Voltage between grounds

Adjuster

Joined Dec 26, 2010
2,148
It may be capacitive leakage through the wall wart, via deliberate filter capacitors or otherwise. This assumes that it is not supposed to have its own mains ground though.

If it is intended to be grounded, something would seem to have dropped off and needs to be fixed. If not it's probably not surprising: modern meters have typically 10Mohm input impedance, so you would not need much coupling to mains live to get 10V.

What would not be OK would be if this voltage is capable of driving any serious current: that might indicate a wiring mistake like Earth/neutral transposed. You might not want to join the shields together again until you are sure that this is not so.
 

Thread Starter

Goddamnox

Joined Oct 22, 2011
2
The ac/dc adaptor does have a metal earth prong not a plastic one, this does not seems to have continuity through to the dc plug end though.
I have checked this adaptor is the correct polarity and voltage and it has very low ripple. It is not overheating and seems to be working fine.

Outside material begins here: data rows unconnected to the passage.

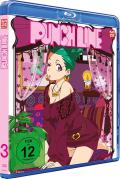 Film: Punch Line - Vol. 3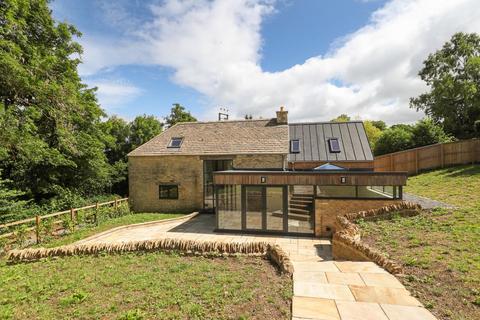 3 bedroom detached house for sale, Yokehouse Lane, Stroud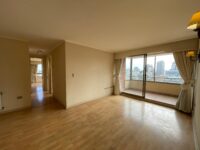 Venta Estupendo Depto 3D2B Av. Alvarez Viña del Mar.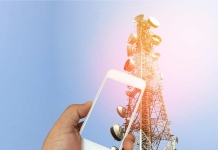 industria de telecomunicaciones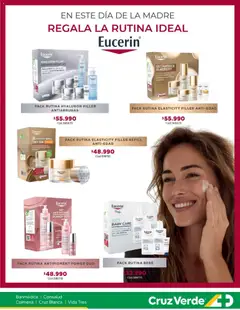 Cruz Verde - Día de la Mamá válido desde el 01.04.2026 | Página: 5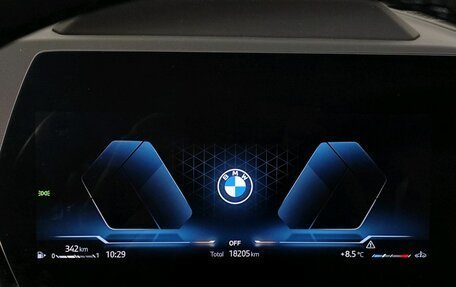 BMW X1, 2024 год, 4 898 000 рублей, 22 фотография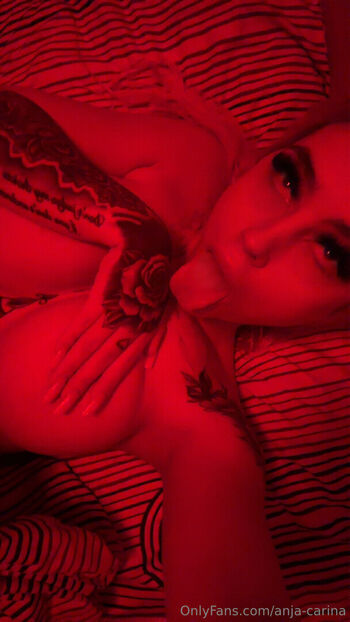 Full leaked Anja carina haslinger private onlyfans photo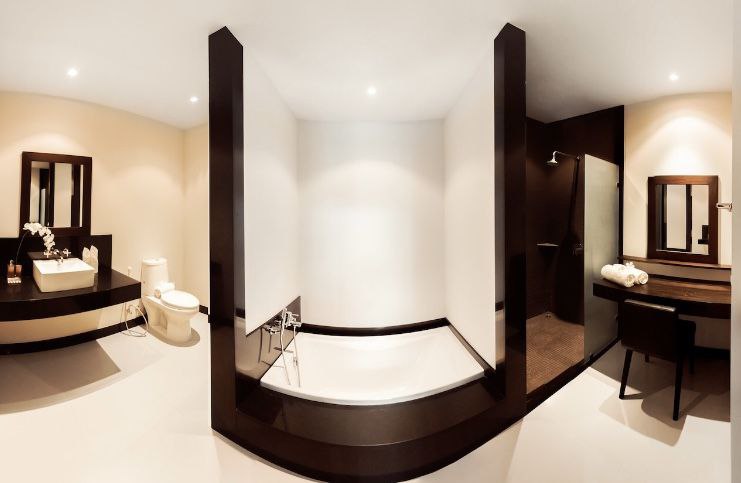 Продажа 4-спальной виллы в Villa Onyx Kokyang Estate Phase 2, 120 м² (ID 457)
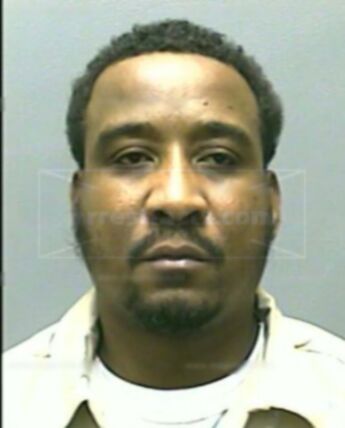 Darrell Bracey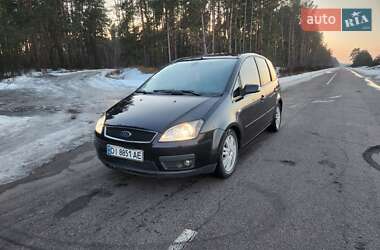 Ford Focus C-Max  2005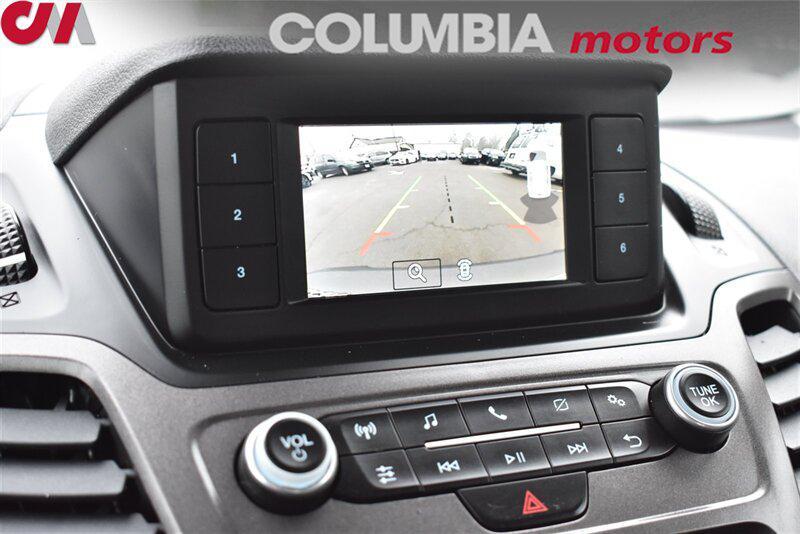 used 2022 Ford Transit Connect car, priced at $21,491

I have tried running the frequency meter from a bench supply and I still get about 3.9v ac 50hz across the screens?

Could you advise on how best to check if this voltage can drive serious current, as you say?

Thanks
 

Adjuster

Joined Dec 26, 2010
2,148
And kiss goodbye to the meter, or at least its fuse if there is a large amount of current available!

A safer way would be to get a resistor rated for the full local mains voltage (for safety), and use a VOLT meter in parallel with that. A 220kohm 1/2W might be a starting point.

In practice this is may be a tiny leak and the current range might be fine, but I prefer to err on the side of caution, especially when giving advice.